#### Data excerpts
Content starts
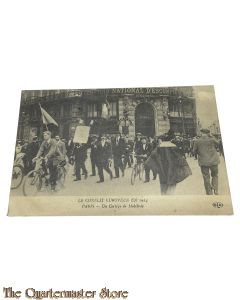 France - Postcard 1914 Le conflit Europeen en 1914 Paris- Un Cortege de Mobilses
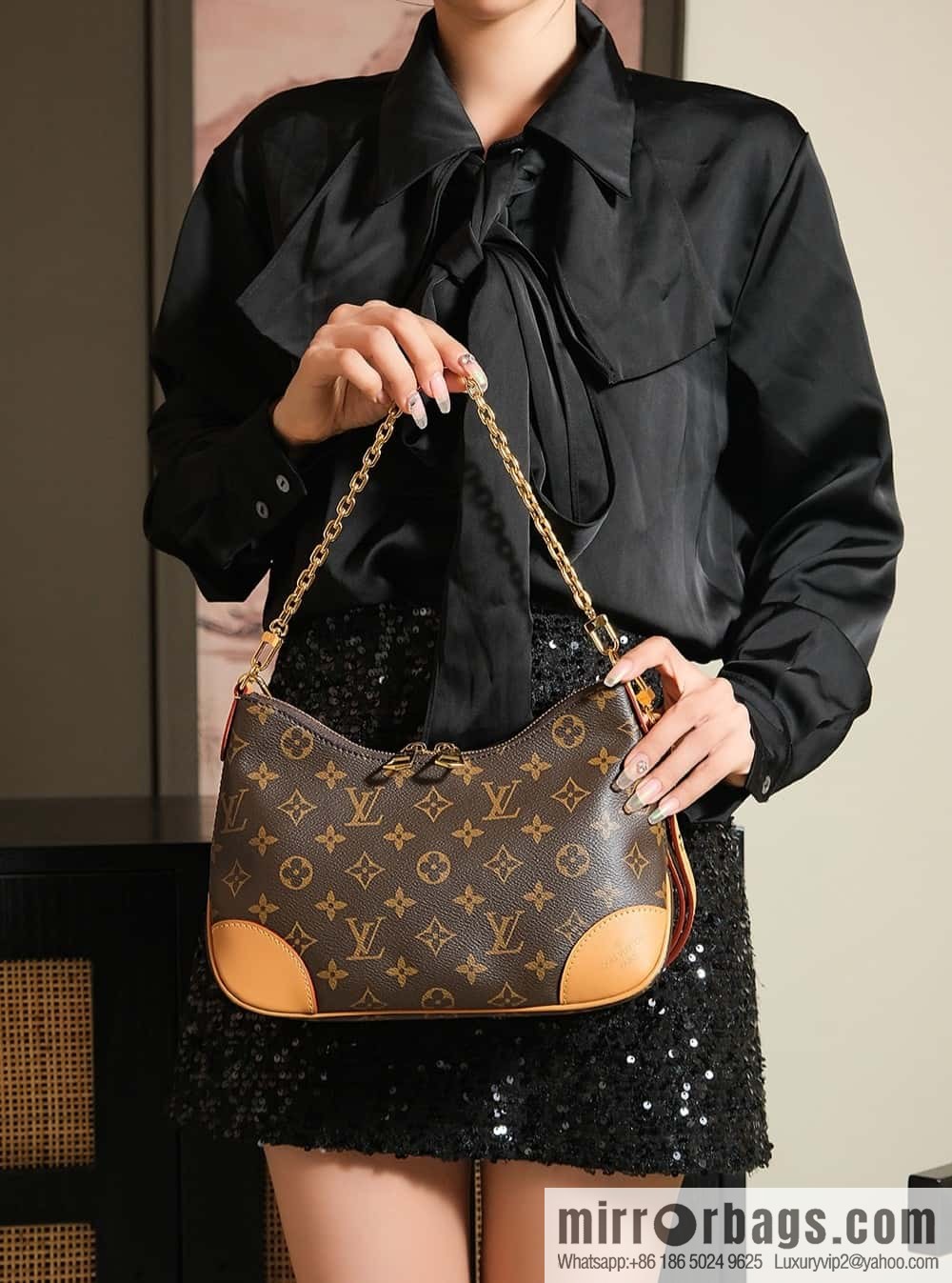 LV ππππππππ chip diamond beating horn series #M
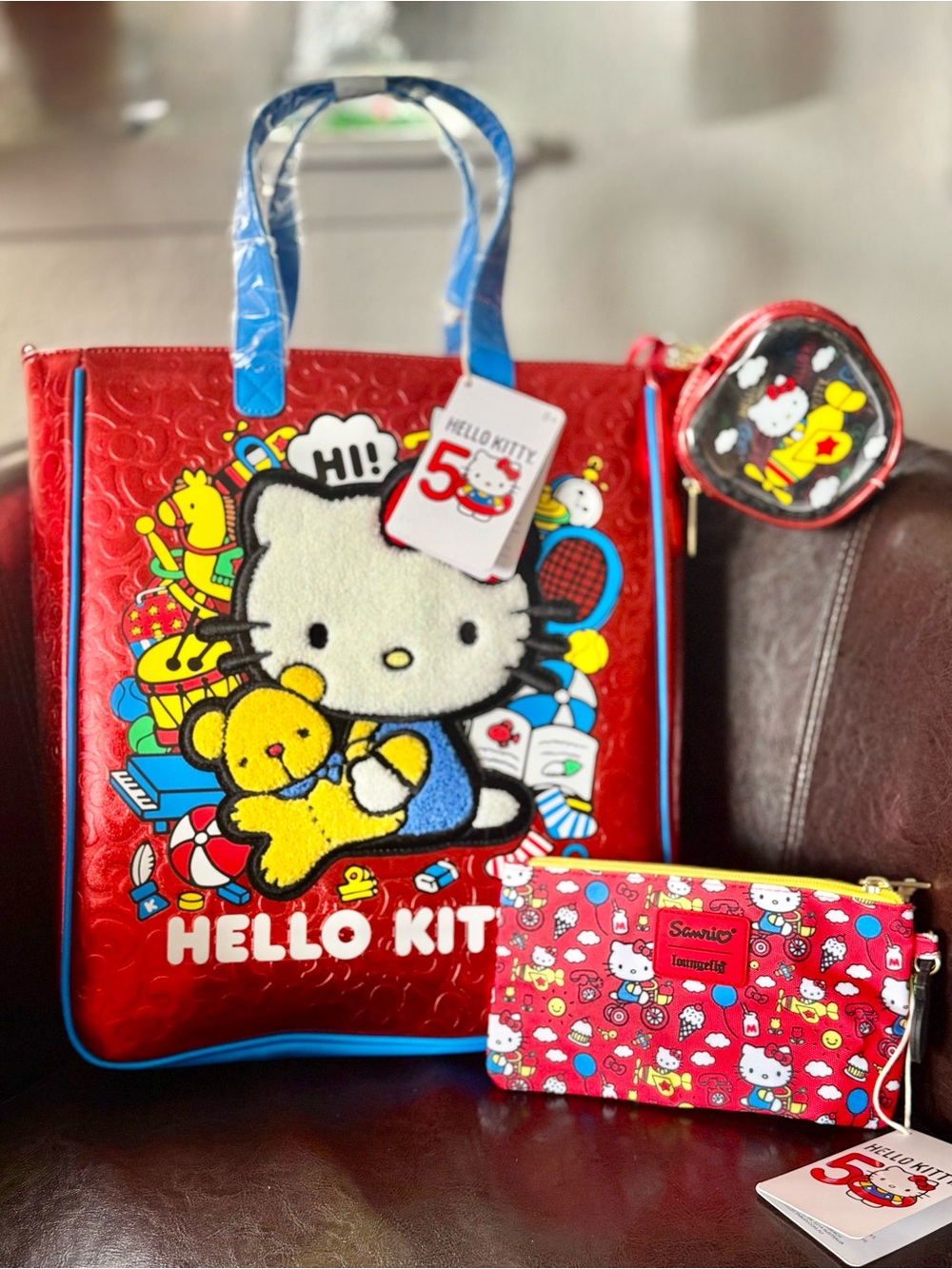 Loungefly Hello Kitty 50th Anniversary Tote Bag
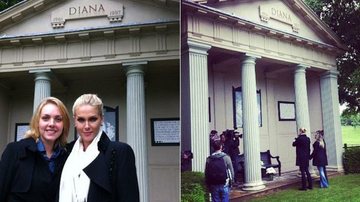Ana Hickmann visita túmulo e memorial da princesa Diana - Reprodução / Twitter
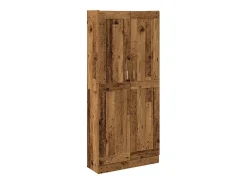 Aparador madera ingeniería madera envejecida 82,5x30,5x185 cm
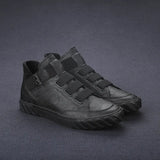 Men's Shoes In The Autumn Of 2025 New Men's Leather Shoes Four Seasons Of High-Top Sports Running Board Shoes With Soft
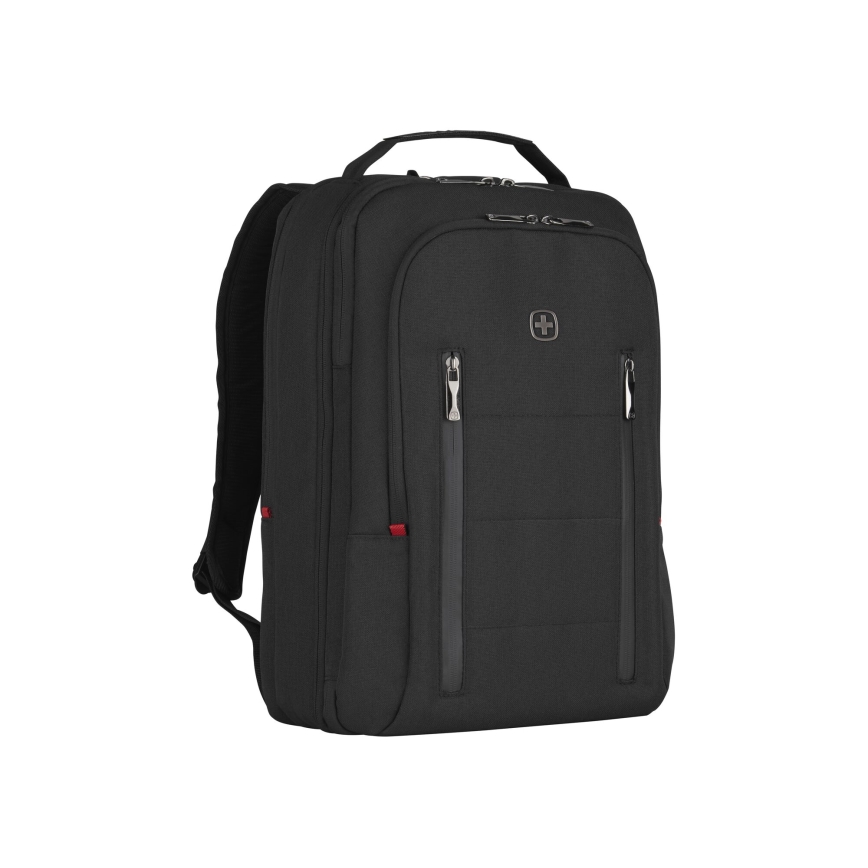 Wenger - Nešiojamojo kompiuterio kuprinė 16 l 16" su kišene planšetei 12" Miestas Traveler juoda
Content ends
Copy the entries above faithfully and omit every image.

#### Reply
 France - Postcard 1914 Le conflit Europeen en 1914 Paris- Un Cortege de Mobilses
 LV ππππππππ chip diamond beating horn series #M
 Loungefly Hello Kitty 50th Anniversary Tote Bag
Ana Hickmann visita túmulo e memorial da princesa Diana - Reprodução / Twitter
 Aparador madera ingeniería madera envejecida 82,5x30,5x185 cm
 Men's Shoes In The Autumn Of 2025 New Men's Leather Shoes Four Seasons Of High-Top Sports Running Board Shoes With Soft
 Wenger - Nešiojamojo kompiuterio kuprinė 16 l 16" su kišene planšetei 12" Miestas Traveler juoda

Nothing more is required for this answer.